Brief: Word for word, set down the lines from the one that holds "Foto del edificio" through the final line of the listing below, and exclude every picture.

Task input:
§
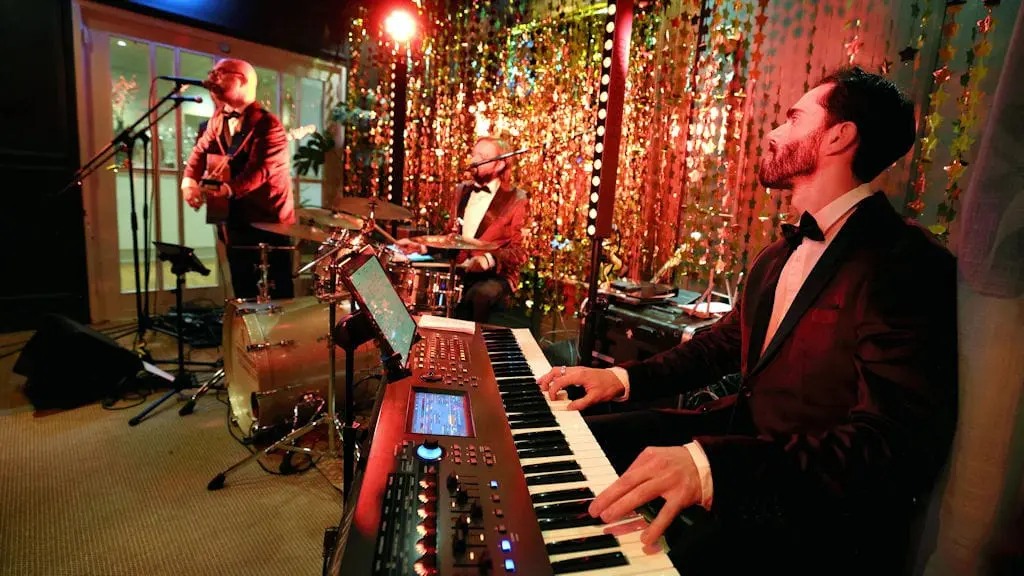 Liveband speelt een set hits na de muziekquiz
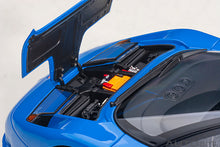 Indlæs billede til gallerivisning 1/18 Bugatti EB110 SS, racing blue 1:18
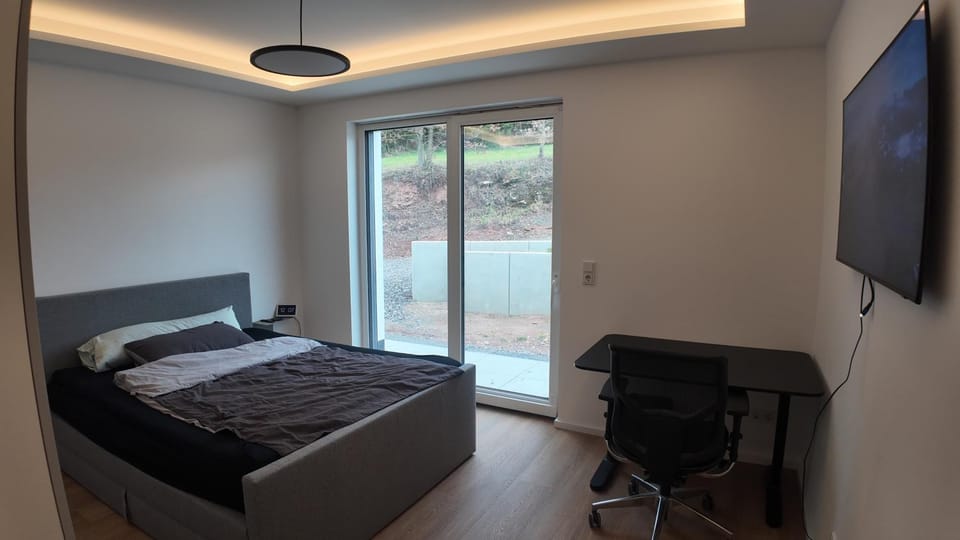 Bed, TV and multimedia, Bedroom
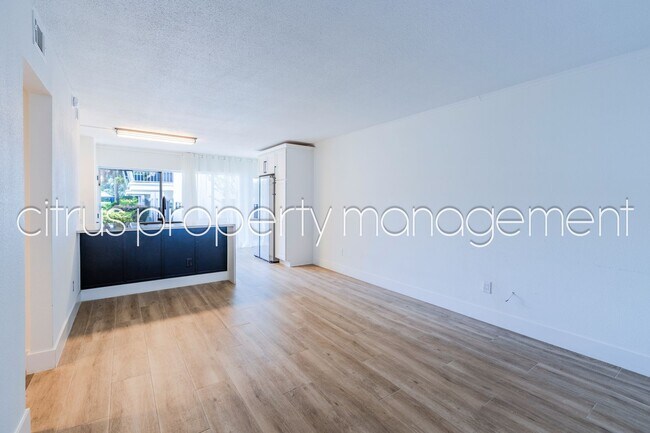 Foto del edificio - 2/1 Condo in Delaney Park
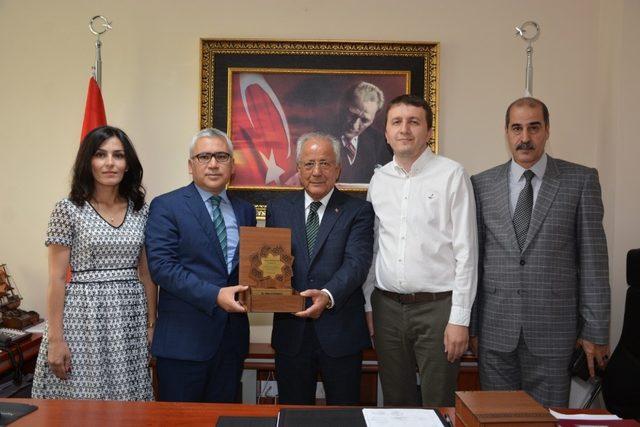 Hastaneye bağış yapan hayırseverlere plaket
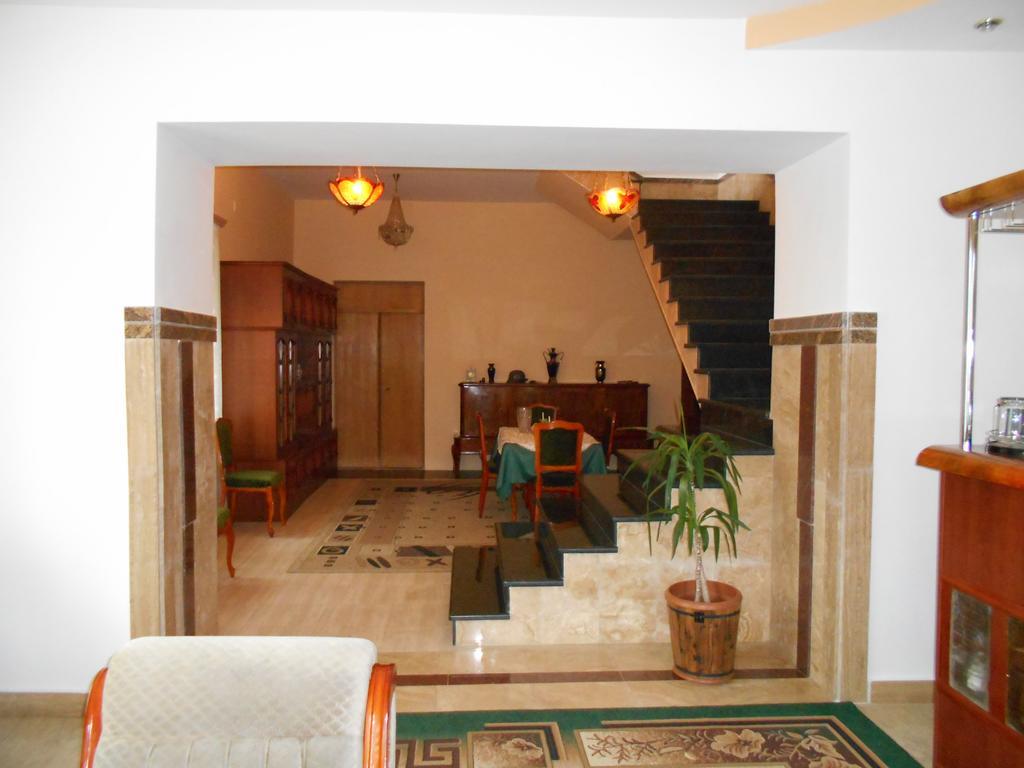 Hotel Сolibri Erywań Zewnętrze zdjęcie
§
Response area:
 Foto del edificio - 2/1 Condo in Delaney Park
 Hastaneye bağış yapan hayırseverlere plaket
 Hotel Сolibri Erywań Zewnętrze zdjęcie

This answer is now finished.